ZCoin vs. Other Cryptocurrencies
ZCoin is often thought of as a fork of Zcash, but that’s not true. Zcash is based on the Zerocash paper, while ZCoin is based on the Zerocoin paper. While the papers were authored by the same person and both rely on zero-knowledge proofs, they use different types of cryptography. Zcash uses zk-SNARKs, which is a novel technology that was developed in 2014. ZCoin uses RSA cryptography, which was originally introduced in 1993 and is one of the earliest forms of public key cryptography.
Both Zcash and Zerocoin use trusted setups, which means there is a risk that an attacker who manages to break the setup can create counterfeit coins out of thin air. ZCoin works around this problem by having a fully auditable coin supply. The developers will be able to detect if someone tampers with ZCoin’s trusted setup or cryptography implementation to mint counterfeit coins.
This doesn’t mean ZCoin is 100% secur; the developers admit that no code is ever perfect even with the best of audits as new vulnerabilities are constantly being found. With that said, an auditable supply will at least enable them to fix bugs that could potentially generate counterfeit coins, and Zerocash was actually meant to improve Zerocoin on several issues:
– Zerocash’s proofs are smaller than Zerocoin’s and take up much less storage space.

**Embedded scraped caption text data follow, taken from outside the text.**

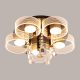 Meet And Greet (5 Head, Dimmable LED with Remote Control) Crystal Ceiling Light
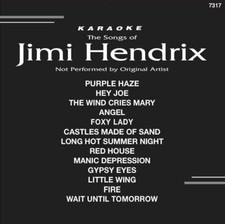 KARAOKE CD G Backstage 7317 JIMI HENDRIX ROCK Favorites IN BLACK SLEEVE NEW 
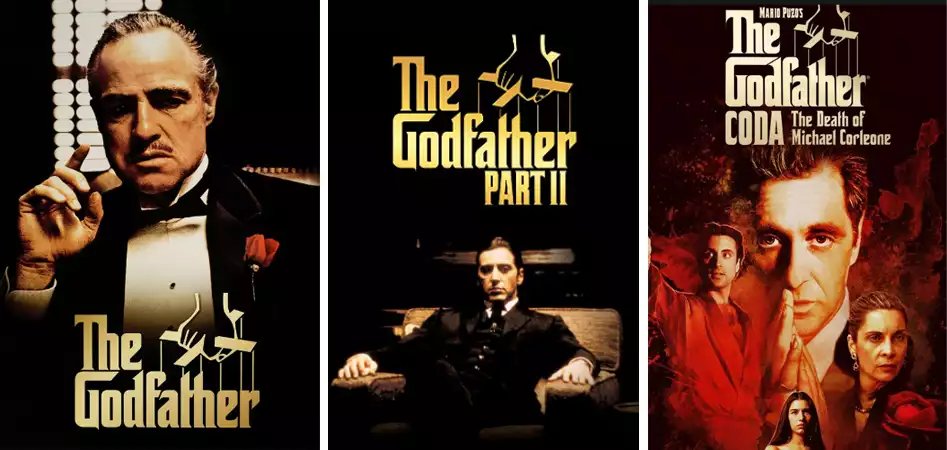 The Godfather all movie posters
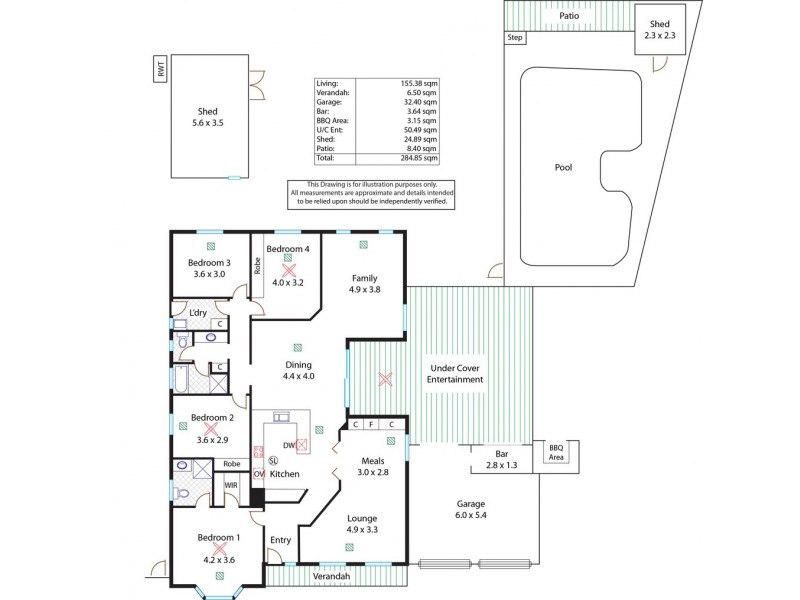 74 Leicester Grove, Andrews Farm SA 5114 Floorplan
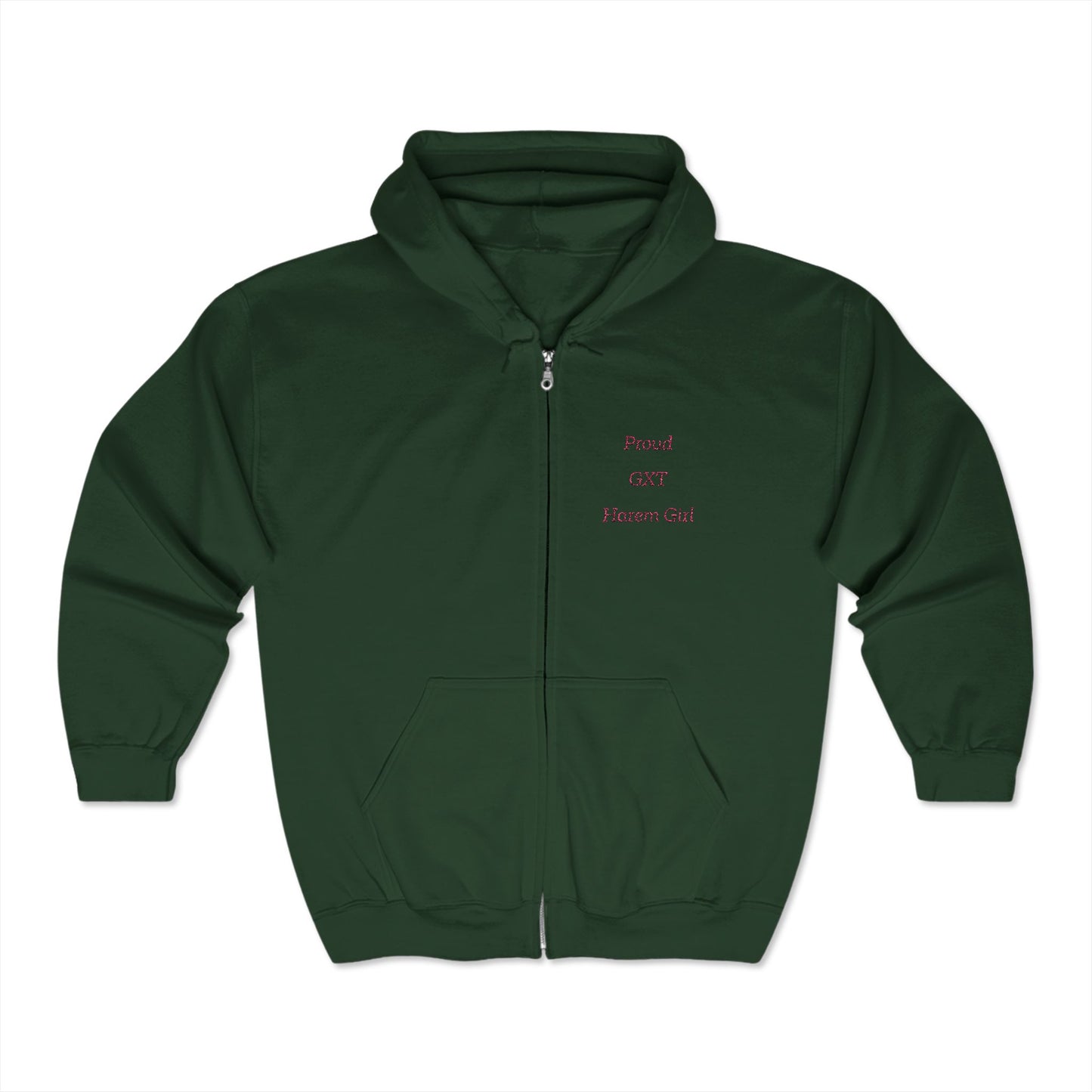 "Proud Harem Girl" (embroidery)  Full Zip Hooded Sweatshirt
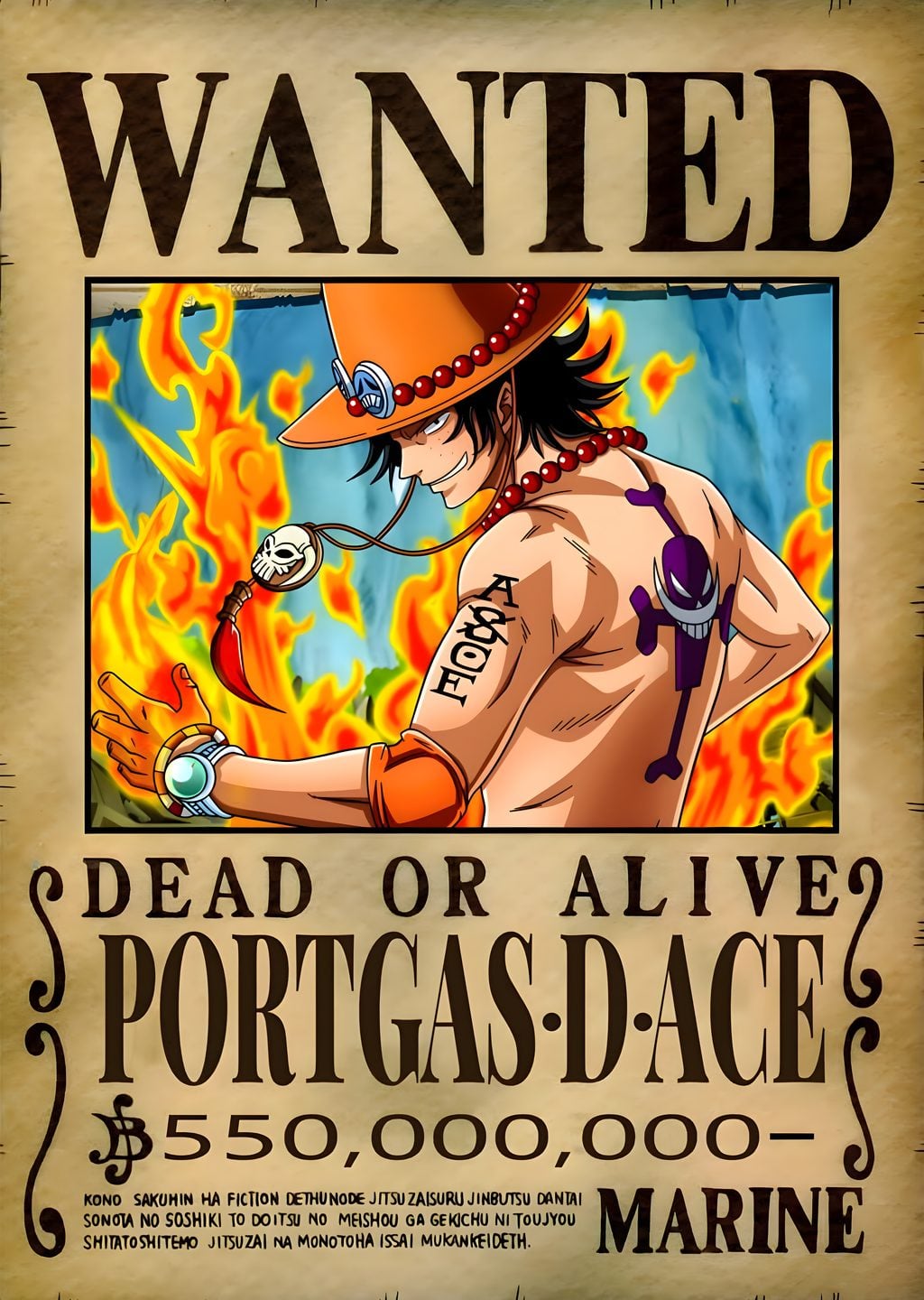 Portgas D. Ace: İkonik İnfaz İlanı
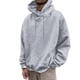 thumbnail image 5 of MHFRRA Sudadera con Capucha Estampada, Suave y Holgada, Ideal para Uso Informal y Actividades Al Aire Libre, con Tejido y Diseño Cómodos Gris claro, 5 of 6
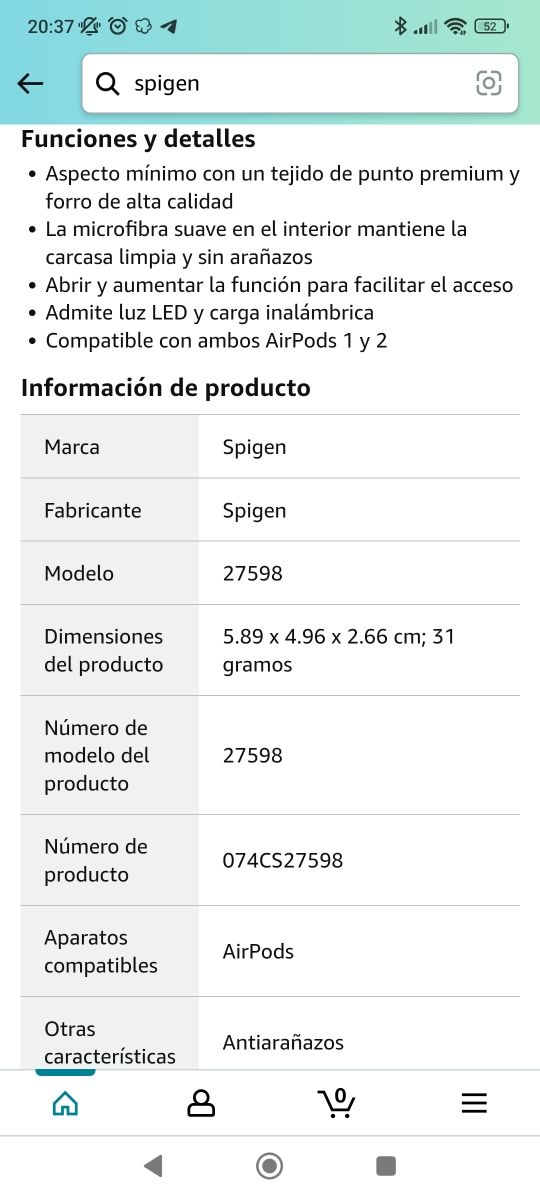 Funda para AirPods NUEVA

– Zerocash has no limitations on the amount of anonymous coins it can mint. Zerocoin is limited to denominations of 1, 25, 50, 100.
– Zerocash offers a greater degree of anonymity because the sender, receiver, and amount transacted are all obscured.
However, Zerocoin also has some advantages over Zerocash:
– Despite using proofs that are large and require more storage space, Zerocoin is able to generate private transactions much faster and for a lot less memory.
– While both ZCoin and ZCash required a trusted setup to generate their technical parameters, ZCoin’s parameters are arguably less controversial because they were generated 25 years ago.
– ZCoin’s total supply is auditable, which means even if there’s an exploitable flaw in its trusted setup that enables a hacker to mint counterfeit coins, its developers will be able to detect it. The same can’t be said for Zcash.
– Zerocoin is better understood than the Zerocash, which uses an experimental type of cryptography (zk-SNARKs).
The bottom line is that both coins have their trade-offs, but they are essentially trying to do the same thing—providing financial privacy to enable individual freedom and open commerce.
Buying, Storing and Selling ZCoin
ZCoin (XZC) is available on most of the big online exchanges, including Binance, Bittrex, Bitsquare, BX Thailand, Cryptopia, CoinExchange, Nova Exchange, LiteBit.eu, AEX.com, and UPBit.
ZCoin has a core wallet available on Windows, OS X, and Linux that can be downloaded from the project’s Github page. For mobile storage, check out Coinomi.
Liquidity of ZCoin
ZCoin has pretty good liquidity for a cryptocurrency offering financial privacy in a market full of privacy-centric coins. Two things give it an edge over its competitors: its goal of providing users with the strongest level of anonymity possible, and its implementation of a well-tested cryptographic technology.
As governments around the world start regulating the crypto market, projects like ZCoin that give users unbreakable privacy will become valuable. ZCoin is definitely a project worth keeping an eye on in the coming years.